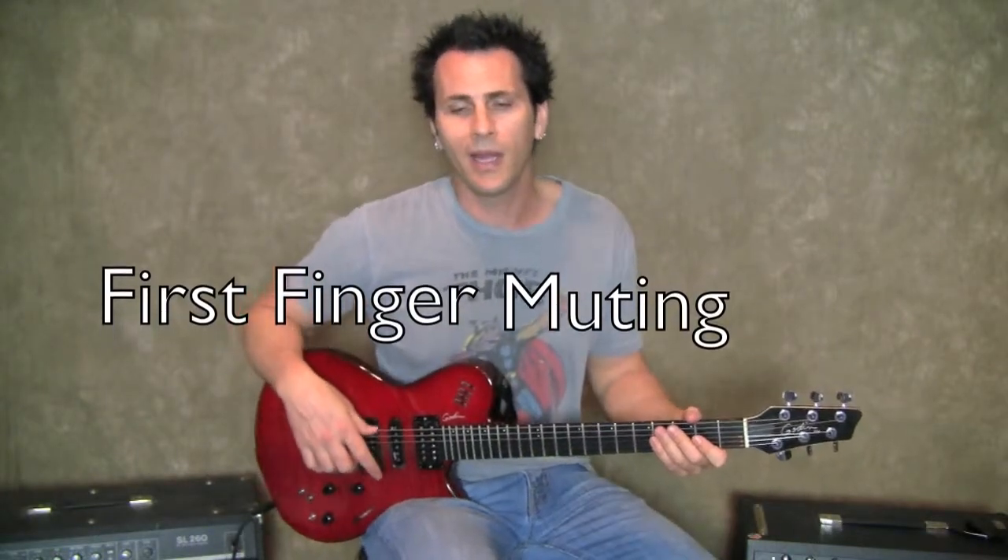What's up everybody? John from johnnyoctave.com, and today I'm going to talk about a technique I use to keep my guitar playing as clean as possible. It's called first finger muting, and I see a ton of guys using it — everybody I jam with uses this technique, whether they know it or not. It just simply works. Let me zoom in and show you guys what's happening.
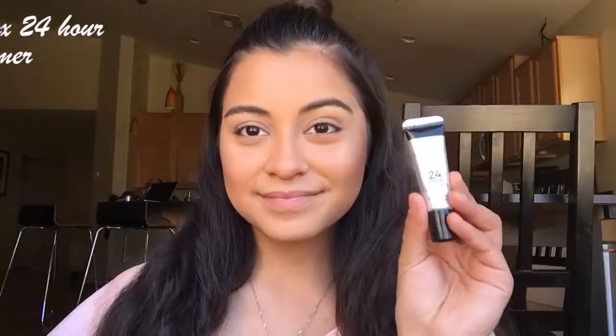To begin, I'm going to use the Smashbox 24 Hour Eyeshadow Primer. Take a dollop of that on my fingertips and apply it all over the lids so the eyeshadow can stay intact all day.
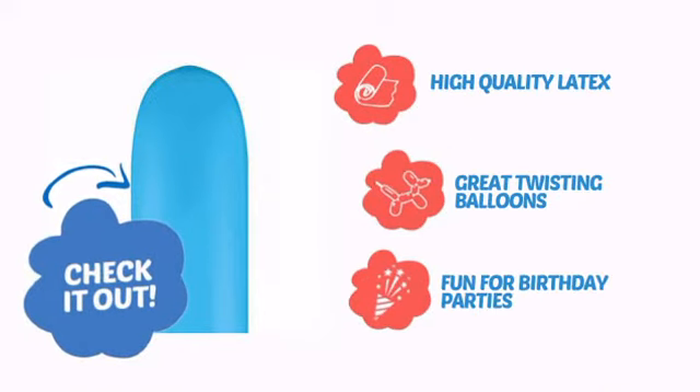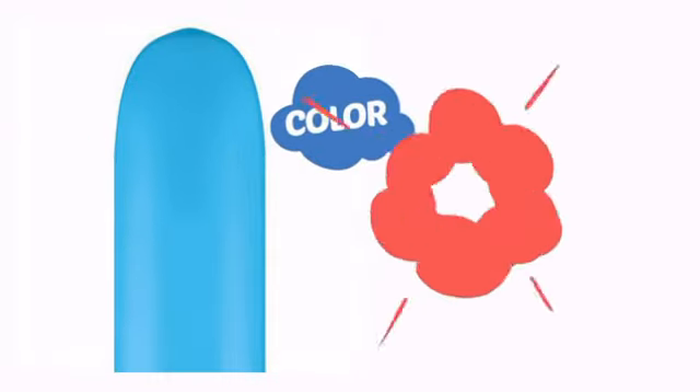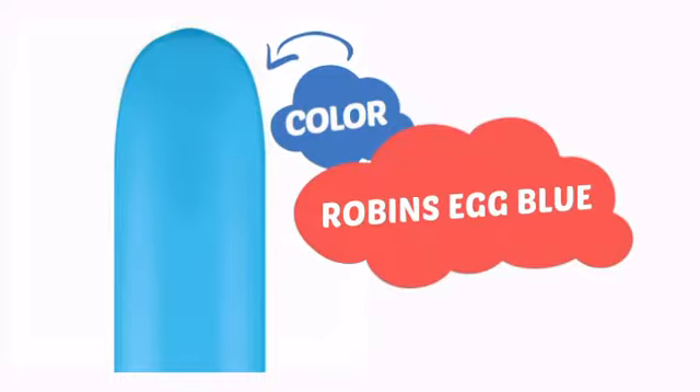Made from high quality latex, great for twisting balloons and fun for birthday parties. With a high quality color, it's the perfect way to get the perfect look.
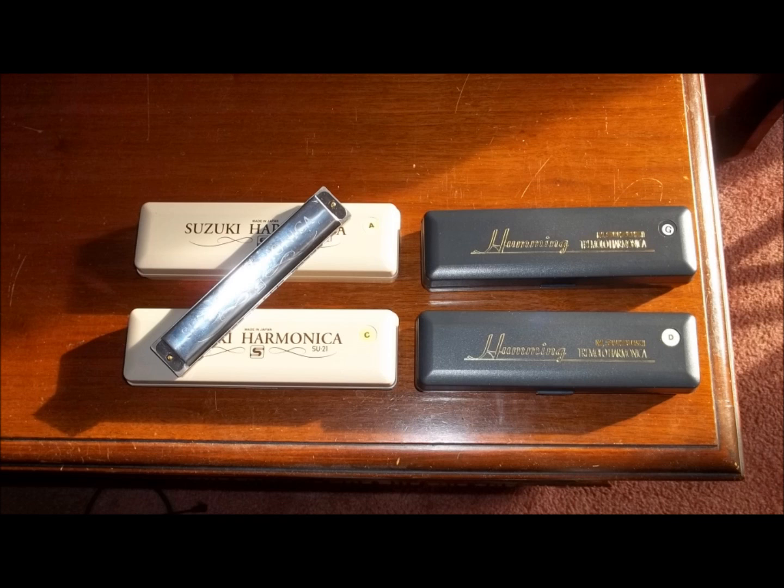The key to the tab is below the actual tab if you scroll down. I'm using a C harmonica — this one's a Suzuki, it's 21 notes. If you have a 24-note harmonica, call your first blow hole zero and then the numbers will follow the same as on mine.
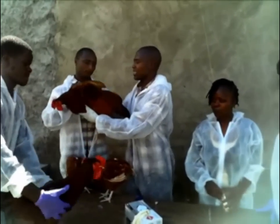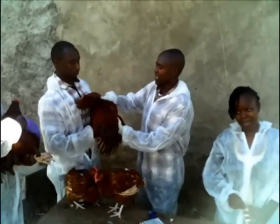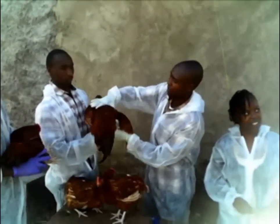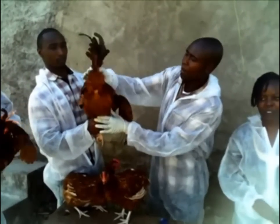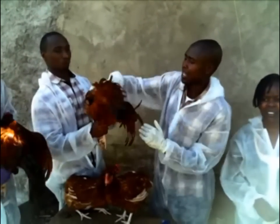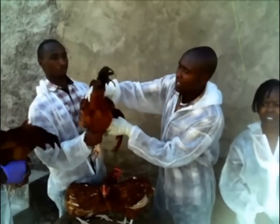You hold your cocks like this, facing you, and then you start cycling from the abdomen towards the back. While you are at the tail, make sure you hold the tail upwards and towards the head. You do this several times to make sure that the cocks is stimulated.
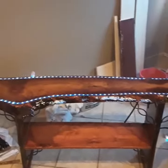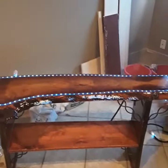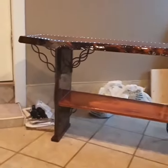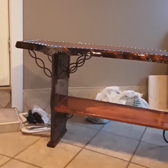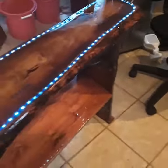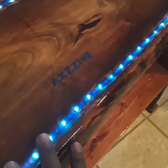This is the TV stand I made. I hand-built this — it's all epoxy, cherry wood. It's done, it's dry, it's all leveled out.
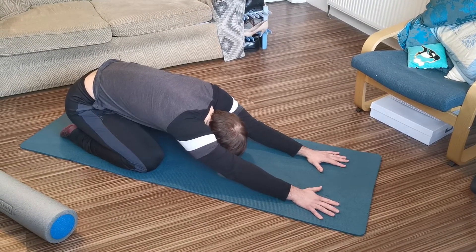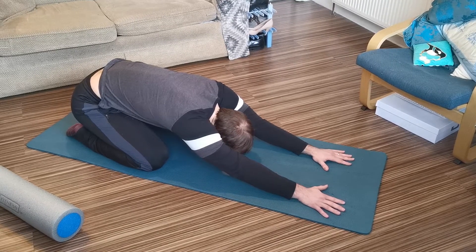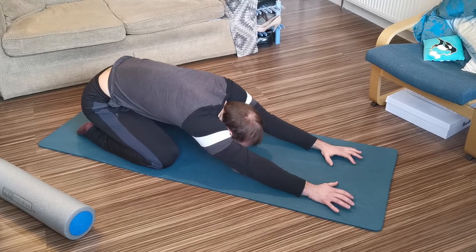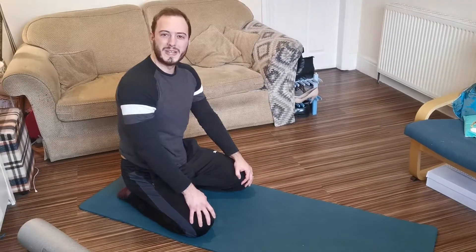I tend to find that I get a nice deep stretch if I really breathe into it. Focus on good, deep breathing while you're here, and just hold that for about 20 to 30 seconds.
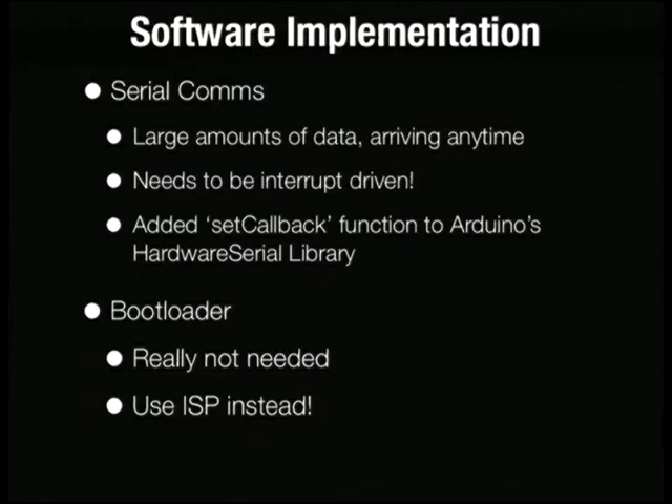Another part of Arduino we ended up getting rid of was the bootloader. The bootloader is mainly used to let you program an AVR via serial — via USB serial. We didn't really need this because we already have the ISP header, the in-system programming header, on the board. If you're going to use it to program the bootloader you may as well just program the entire chip using it. Arduino lets you use an ISP programmer — for example, an AVR ISP Mark II — to program sketches; it's just a one-line change in the preferences file.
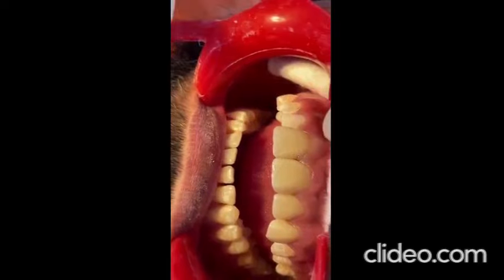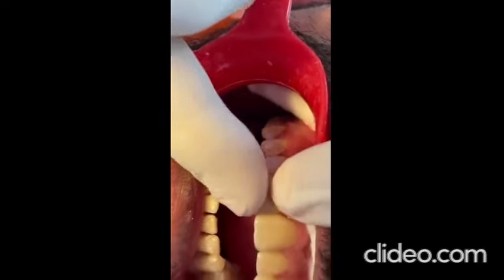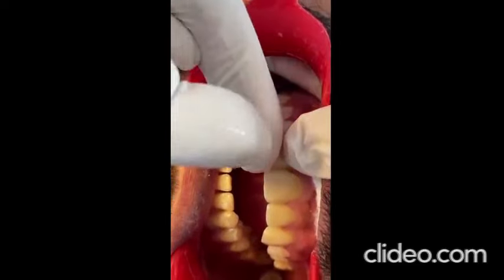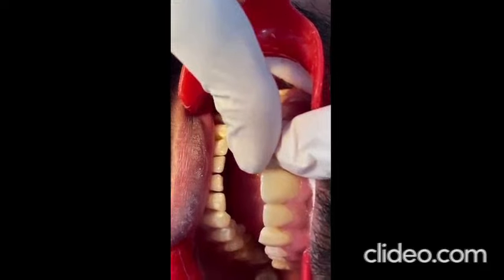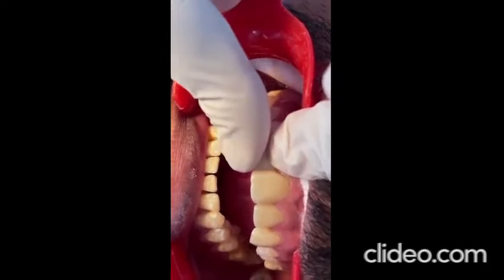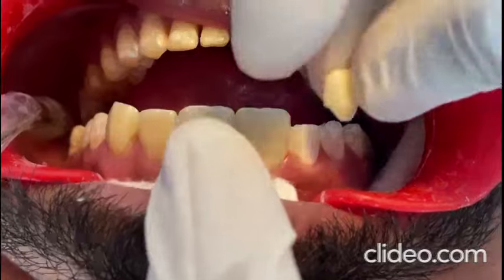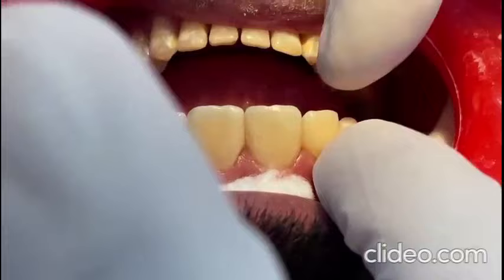The tooth is etched for 30 seconds with 37% phosphoric acid. In any etching technique, the complete elimination of the etching agent is of utmost importance. I recommend washing generously for about 20 seconds in order to remove all the acid debris that could be left.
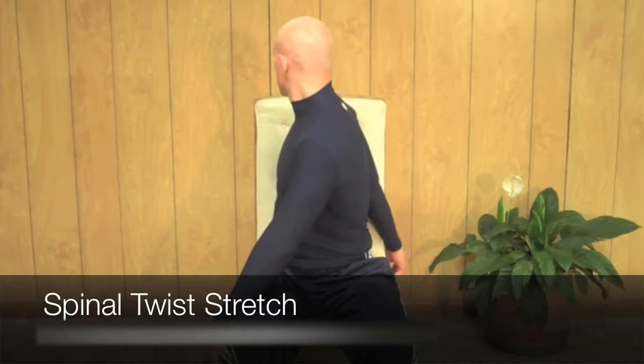Slowly breathe in and slowly breathe out. Relax your shoulders. Relax your chest and upper back. After 30 seconds, finish the stretch.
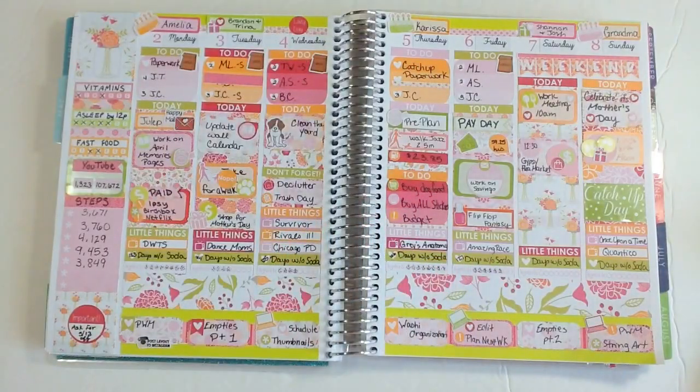Hi guys, it's Martina and it's Monday, which means it's time for a new plan with me. This is how last week's is turning out. I think it's so pretty — I just really love how bright and fun this kit was.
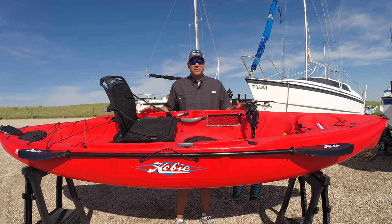Hi everybody, this is Jeremy Baker and this is my new 2016 Hobie Mirage Outback. I just picked up this kayak a couple days ago. In this video we're gonna do a quick overview from bow to stern of this kayak and go over everything that comes with it and all the features of the kayak.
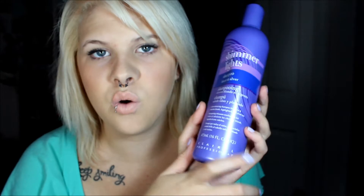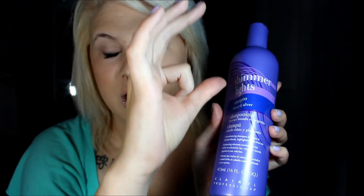This is heaven — it's the Shimmer Lights shampoo. You can get the conditioner too, but I personally only use the shampoo. It's for blonde and silver hair. Some people get nervous because if their hair is really light it can stain, but if you wash it out with dish detergent after, it should come right out. I use about a dollar-size amount, lather it in, leave it for five minutes, then rinse. This is literally heaven to maintain your blonde hair.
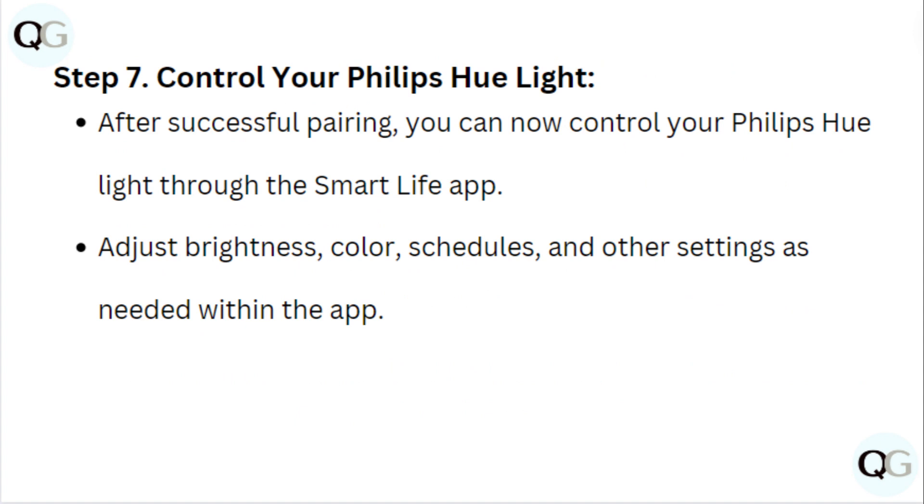Step 7: Control your Philips Hue light. After successfully pairing, you can now control your Philips Hue lights through the Smart Life app. Adjust brightness, color, schedule, and other settings as needed within the app.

Work instructions. The full set of entries should be transcribed exactly, pictures left aside.

Exercise response.
What's up everybody? John from johnnyoctave.com, and today I'm going to talk about a technique I use to keep my guitar playing as clean as possible. It's called first finger muting, and I see a ton of guys using it — everybody I jam with uses this technique, whether they know it or not. It just simply works. Let me zoom in and show you guys what's happening.
To begin, I'm going to use the Smashbox 24 Hour Eyeshadow Primer. Take a dollop of that on my fingertips and apply it all over the lids so the eyeshadow can stay intact all day.
Made from high quality latex, great for twisting balloons and fun for birthday parties. With a high quality color, it's the perfect way to get the perfect look.
The key to the tab is below the actual tab if you scroll down. I'm using a C harmonica — this one's a Suzuki, it's 21 notes. If you have a 24-note harmonica, call your first blow hole zero and then the numbers will follow the same as on mine.
You hold your cocks like this, facing you, and then you start cycling from the abdomen towards the back. While you are at the tail, make sure you hold the tail upwards and towards the head. You do this several times to make sure that the cocks is stimulated.
This is the TV stand I made. I hand-built this — it's all epoxy, cherry wood. It's done, it's dry, it's all leveled out.
I tend to find that I get a nice deep stretch if I really breathe into it. Focus on good, deep breathing while you're here, and just hold that for about 20 to 30 seconds.
Another part of Arduino we ended up getting rid of was the bootloader. The bootloader is mainly used to let you program an AVR via serial — via USB serial. We didn't really need this because we already have the ISP header, the in-system programming header, on the board. If you're going to use it to program the bootloader you may as well just program the entire chip using it. Arduino lets you use an ISP programmer — for example, an AVR ISP Mark II — to program sketches; it's just a one-line change in the preferences file.
The tooth is etched for 30 seconds with 37% phosphoric acid. In any etching technique, the complete elimination of the etching agent is of utmost importance. I recommend washing generously for about 20 seconds in order to remove all the acid debris that could be left.
Slowly breathe in and slowly breathe out. Relax your shoulders. Relax your chest and upper back. After 30 seconds, finish the stretch.
Hi guys, it's Martina and it's Monday, which means it's time for a new plan with me. This is how last week's is turning out. I think it's so pretty — I just really love how bright and fun this kit was.
Hi everybody, this is Jeremy Baker and this is my new 2016 Hobie Mirage Outback. I just picked up this kayak a couple days ago. In this video we're gonna do a quick overview from bow to stern of this kayak and go over everything that comes with it and all the features of the kayak.
This is heaven — it's the Shimmer Lights shampoo. You can get the conditioner too, but I personally only use the shampoo. It's for blonde and silver hair. Some people get nervous because if their hair is really light it can stain, but if you wash it out with dish detergent after, it should come right out. I use about a dollar-size amount, lather it in, leave it for five minutes, then rinse. This is literally heaven to maintain your blonde hair.
Step 7: Control your Philips Hue light. After successfully pairing, you can now control your Philips Hue lights through the Smart Life app. Adjust brightness, color, schedule, and other settings as needed within the app.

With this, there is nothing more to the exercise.